====== EXTRACTED ENTRIES
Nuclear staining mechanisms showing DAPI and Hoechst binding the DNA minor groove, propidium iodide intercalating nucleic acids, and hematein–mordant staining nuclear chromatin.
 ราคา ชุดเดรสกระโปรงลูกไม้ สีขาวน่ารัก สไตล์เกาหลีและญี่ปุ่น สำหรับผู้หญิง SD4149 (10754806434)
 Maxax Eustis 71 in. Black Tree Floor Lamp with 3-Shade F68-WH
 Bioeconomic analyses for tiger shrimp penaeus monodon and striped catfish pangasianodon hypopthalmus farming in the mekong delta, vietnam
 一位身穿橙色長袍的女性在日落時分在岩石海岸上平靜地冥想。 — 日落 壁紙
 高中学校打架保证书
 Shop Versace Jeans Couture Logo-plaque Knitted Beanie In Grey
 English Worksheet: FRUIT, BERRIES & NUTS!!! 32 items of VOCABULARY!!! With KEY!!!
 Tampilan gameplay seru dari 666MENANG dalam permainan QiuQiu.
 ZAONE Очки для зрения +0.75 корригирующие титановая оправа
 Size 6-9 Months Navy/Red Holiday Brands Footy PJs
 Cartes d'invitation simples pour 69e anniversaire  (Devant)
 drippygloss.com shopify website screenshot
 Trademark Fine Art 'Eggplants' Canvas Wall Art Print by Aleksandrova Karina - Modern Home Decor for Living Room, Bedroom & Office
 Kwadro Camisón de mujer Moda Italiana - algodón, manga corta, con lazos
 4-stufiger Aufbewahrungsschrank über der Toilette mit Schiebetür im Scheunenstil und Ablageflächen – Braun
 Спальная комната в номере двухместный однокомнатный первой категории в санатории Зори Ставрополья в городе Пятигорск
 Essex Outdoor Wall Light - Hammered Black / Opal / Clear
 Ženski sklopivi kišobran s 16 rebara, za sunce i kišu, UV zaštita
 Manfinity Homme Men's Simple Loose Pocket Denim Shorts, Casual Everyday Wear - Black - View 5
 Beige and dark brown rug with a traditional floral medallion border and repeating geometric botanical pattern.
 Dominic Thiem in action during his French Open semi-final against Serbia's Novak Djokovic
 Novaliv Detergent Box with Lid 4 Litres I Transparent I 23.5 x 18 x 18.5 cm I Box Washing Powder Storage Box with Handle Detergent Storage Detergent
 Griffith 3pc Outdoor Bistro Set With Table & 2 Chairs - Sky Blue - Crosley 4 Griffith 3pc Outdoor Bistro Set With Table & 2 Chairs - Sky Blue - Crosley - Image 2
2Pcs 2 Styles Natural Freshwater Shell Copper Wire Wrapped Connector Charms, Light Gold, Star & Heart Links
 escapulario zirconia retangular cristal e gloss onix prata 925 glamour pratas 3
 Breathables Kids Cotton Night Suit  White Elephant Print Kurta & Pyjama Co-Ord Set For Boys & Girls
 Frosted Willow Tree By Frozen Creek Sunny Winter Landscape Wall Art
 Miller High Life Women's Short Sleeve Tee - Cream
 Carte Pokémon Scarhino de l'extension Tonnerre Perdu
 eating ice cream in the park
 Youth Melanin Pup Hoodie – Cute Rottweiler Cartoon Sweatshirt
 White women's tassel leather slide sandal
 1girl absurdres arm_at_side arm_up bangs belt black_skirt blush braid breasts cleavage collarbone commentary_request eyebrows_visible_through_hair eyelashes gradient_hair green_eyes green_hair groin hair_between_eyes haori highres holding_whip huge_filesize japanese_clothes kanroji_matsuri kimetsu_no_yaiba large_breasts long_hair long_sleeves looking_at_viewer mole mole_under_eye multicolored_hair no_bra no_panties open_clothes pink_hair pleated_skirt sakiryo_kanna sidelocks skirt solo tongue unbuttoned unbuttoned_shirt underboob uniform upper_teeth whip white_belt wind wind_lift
============
WORK INSTRUCTIONS: Repeat only what lies between the first line of the data and the line containing "Shop Versace Jeans", both of those lines included, exactly as it stands.

ANSWER BOX:
Nuclear staining mechanisms showing DAPI and Hoechst binding the DNA minor groove, propidium iodide intercalating nucleic acids, and hematein–mordant staining nuclear chromatin.
 ราคา ชุดเดรสกระโปรงลูกไม้ สีขาวน่ารัก สไตล์เกาหลีและญี่ปุ่น สำหรับผู้หญิง SD4149 (10754806434)
 Maxax Eustis 71 in. Black Tree Floor Lamp with 3-Shade F68-WH
 Bioeconomic analyses for tiger shrimp penaeus monodon and striped catfish pangasianodon hypopthalmus farming in the mekong delta, vietnam
 一位身穿橙色長袍的女性在日落時分在岩石海岸上平靜地冥想。 — 日落 壁紙
 高中学校打架保证书
 Shop Versace Jeans Couture Logo-plaque Knitted Beanie In Grey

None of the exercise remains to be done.